By virtue of section 69 of the Enterprise and Regulatory Reform Act 2013 (the 2013 Act), section 47 of the Health and safety at Work etc Act 1974 (the 1974 Act) is amended. The amendment demonstrates that the Government has, in the teeth of significant opposition from claimants' representatives and the House of Lords, finally introduced legislation to remove "strict liability" for breaches of certain health and safety regulations. In fact, it has gone further than that, effectively removing the civil liability on the part of employers for breach of health and safety regulations contained with the 1974 Act.
This revolutionary change is expected to come into force on 1 October 2013 and will only apply to breaches that occur after the commencement date.
Going forward, no civil claim can be brought for breach of a health and safety statutory duty unless the regulation expressly provides for it - thereby reversing the current position. It will, in almost all cases, require the claimant to prove that the employer was negligent and his injury and losses were caused by the employer's negligence.

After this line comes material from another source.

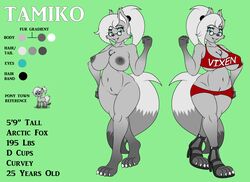 anthro arctic_fox breasts canine cleavage clothed clothing dekomaru eyewear female fox glasses grey_nipples hair mammal model_sheet navel nipples nude pussy thehotroom white_hair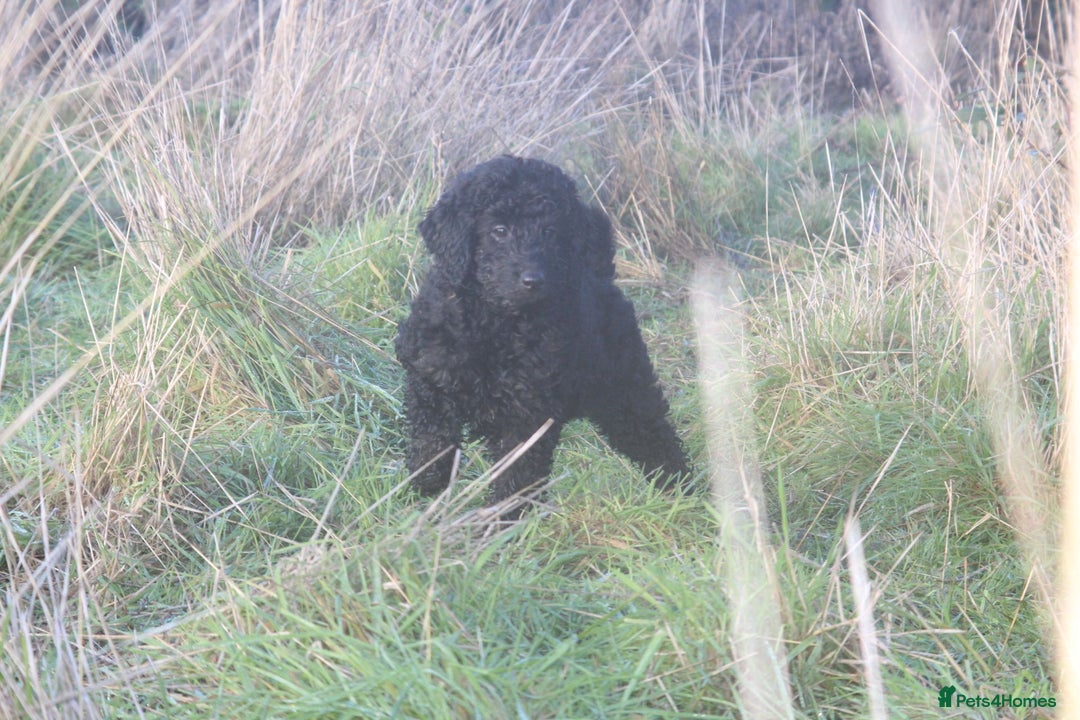 Australian Labradoodle dogs for sale: Health Tested ✔️ BOTH✔️ Parents HIP& ELBOW scored - Advert 11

Under the present system, claimants are entitled to bring civil claims for damages against employers who are in breach of certain health and safety regulations unless those regulations expressly provide otherwise which, currently, they do not. These regulations are commonly referred to as the "six pack" regulations.
Some duties imposed by the six pack can be breached even if the employer has done nothing wrong. For example, Regulation 5 of the Provision and Use of Work Equipment Regulations 1998 requires an employer to ensure "that work equipment is maintained in an efficient state, in efficient working order and in good repair". Therefore, if a piece of work equipment fails in some way, the employer is in breach - even if that failure could not be foreseen and even if the employer can prove that it regularly carried out appropriate maintenance on the equipment. Liability is said to be "strict" in those circumstances.
A welcomed rebalance
The current legislation reflects a policy decision that employees going about their normal work duties should be entitled to compensation in such circumstances, even in the absence of fault on the part of the employer. The reason for this entitlement being based on the premise it is better that employees receive compensation from defendants who are legally required to have insurance to meet such claims than not to. That has now gone. The removal of strict liability for events that the employer could do nothing about - the so-called "strict liability" cases - will certainly be welcomed by defendants and their insurers.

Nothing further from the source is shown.